_Action item:_ Entries below include pictures. Output exactly the lines from the one with "Woman wearing a" down to the one with "Image showing spicy", both ends included, and leave the pictures out.

╭─ Data shown

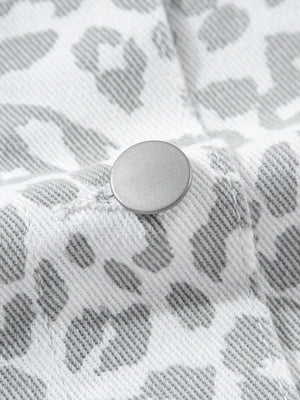 White denim jacket with stone-washed leopard print and button detail.
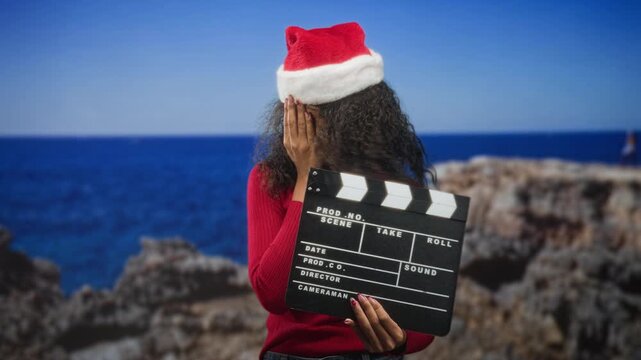 Woman wearing a santa hat holds a clapboard while covering her face with one hand at a studio seaside cliff set; embarrassment holiday fun.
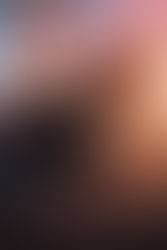 Vertical movie-poster style image of a GTA Online Stunt Race at sunset, featuring a race car with a large rear spoiler accelerating toward a steep orange ramp and massive loop structure, with multiple cars climbing the ramp under a dramatic pink and orange sky.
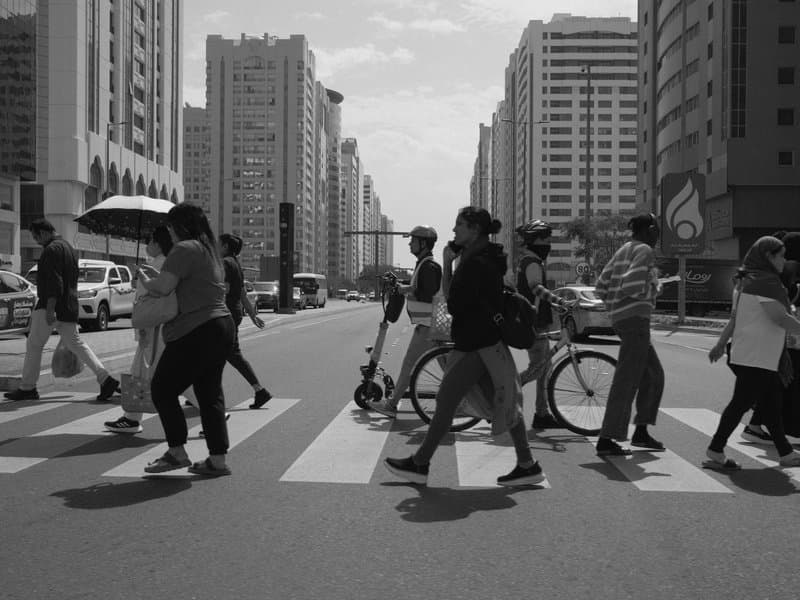 Black and white photo of pedestrians crossing a busy city street with tall buildings in the background.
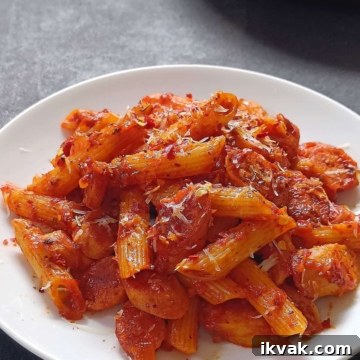 Image showing spicy sausage penne pasta on a white plate.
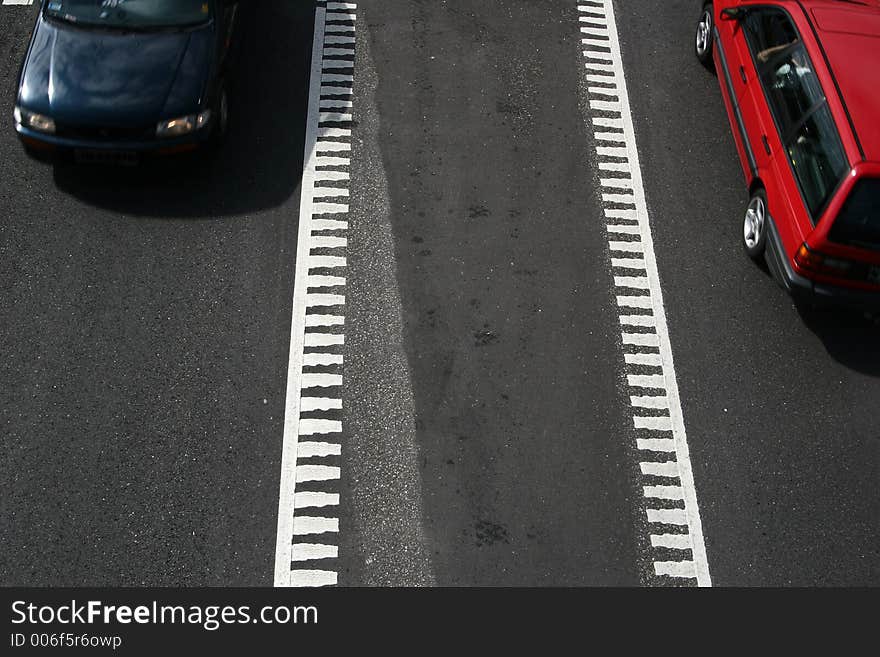 Traffic  on a street in denmark, shot from above (a bridge) with low shutter speed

╰─

_Task answer:_
 Woman wearing a santa hat holds a clapboard while covering her face with one hand at a studio seaside cliff set; embarrassment holiday fun.
 Vertical movie-poster style image of a GTA Online Stunt Race at sunset, featuring a race car with a large rear spoiler accelerating toward a steep orange ramp and massive loop structure, with multiple cars climbing the ramp under a dramatic pink and orange sky.
 Black and white photo of pedestrians crossing a busy city street with tall buildings in the background.
 Image showing spicy sausage penne pasta on a white plate.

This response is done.